Et je relis mon maître, Victor Hugo, qui n’a jamais mis les pieds sur ce bout de terre, mais qui mieux que moi décrit la Judée, cette terre où de temps en temps passe une lueur de Dieu qui se perd dans l’espace[8]. Et toujours Victor Hugo, plus loin : tous les cultes, soufflant l’enfer de leurs narines, mâchent des ossements mêlés à leurs doctrines… partout l’homme est méchant, cœur vil sous un œil fier, et mérite la chute immense de l’éclair… en ce lieu – Jérusalem – où la religion, sinistre, tua Dieu[9].

C’est le poète qui sait dire ce que ni le théologien, ni le lecteur de la Bible, ni le politique n’a pu clairement exprimer.
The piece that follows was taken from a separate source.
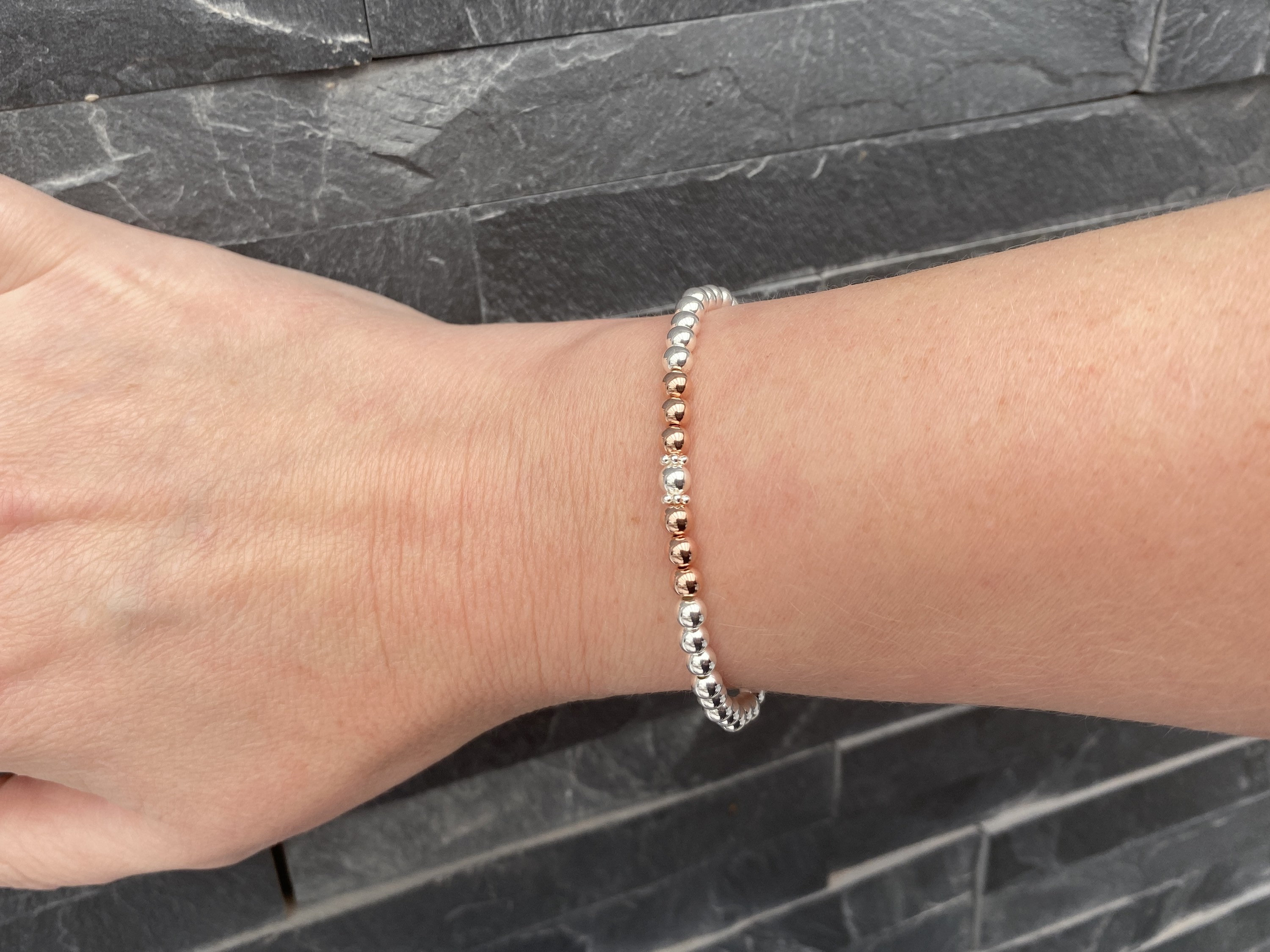 Rose Gold Silver Mix Metal Stretch Large Bead Bracelet main image 1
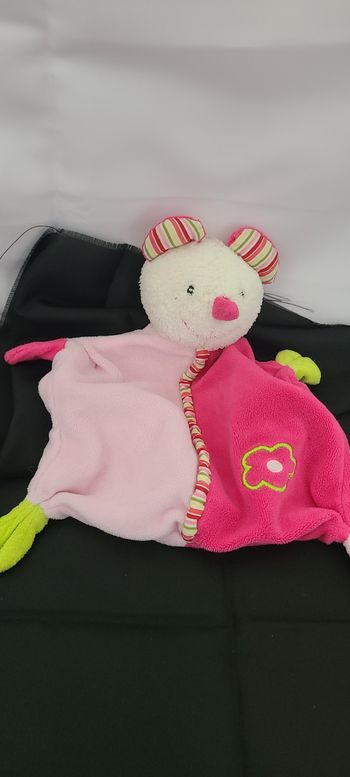 Doudou plat souris BABY CLUB C&A rayé rose et fleur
Alors je relis avec Nahida de Ramallah, avec mes amis juifs, avec Véra Baboun de Bethléem, je relis ces mots, parmi les derniers de la Bible : je vis descendre du ciel, d’auprès de Dieu, la ville sainte, la nouvelle Jérusalem… au milieu de la place se trouve l’arbre de vie… les feuilles de l’arbre servent à la guérison des nations[10]. L’arbre de la vie. Trois fois cité. Celui de la Genèse. Cet arbre de vie que les humains ne pouvaient plus approcher, il les guérira à la fin des temps…

Et je me tourne vers le Christ : de grandes foules le suivirent, depuis la Galilée, de la Syrie, de Jérusalem, de Judée, de Jordanie au-delà du Jourdain. Voyant la foule… Jésus se mit à enseigner : heureux les pauvres, le royaume des cieux est à eux, heureux ceux qui pleurent, ils seront consolés, heureux ceux qui sont doux, ils hériteront la terre… heureux ceux qui procurent la paix car ils seront appelés fils de Dieu…[11].

Rassembler les hommes de bonne volonté, ceux qui procurent la paix, de part et d’autre des frontières, voilà notre vocation[12].

 

Bertrand Vergniol
Pasteur

 

[1] Sous la direction de Vincent LEMIRE : Jérusalem, histoire d’une ville-monde, Flammarion 2016, p.17.

[2] Ecumenical Accompaniement Program in Palestine and Israël (EAPPI).

[3] Chez Luther, non sans une violence anti-juive qui a été largement utilisée par les antisémites.

[4] Pour reprendre la terminologie d’un excellent livre sur Jésus, Gerd THEISSEN : L’ombre du Galiléen, Cerf, 1988.

[5] Par exemple, Jacques BRIEND « De la Jérusalem historique à la Jérusalem mystique » in « Transversalité », Revue de l’Institut catholique de Paris, avril-juin 1997, pp 63-123.

[6] Par exemple, Dany NOCQUET : La Samarie, la diaspora et l’achèvement de la Torah, archives personnelles

[7] Rony BRAUMAN, Alain FINKIELKRAUT : La discorde, Flammarion, 2008, p. 92

[8] Victor Hugo, La fin de Satan, le Gibet, II/5

[9] Victor Hugo, La fin de Satan, Le Crucifix

[10] Livre de l’Apocalypse, chapitres 21 et 22

[11] Évangile de Matthieu, 4/25 – 5/9

[12] Attention néanmoins à ne pas croire que tel est le moyen unique pour arriver à la paix. Ce serait irénique et de nouveau ce serait lier le religieux au politique. S’il revient aux chrétiens, certes, de rassembler les hommes de paix, mais il revient aux populations de refuser l’injustice, aux militants de combattre pour faire évoluer les rapports de force et aux politiques, représentatifs de leur peuple, de négocier.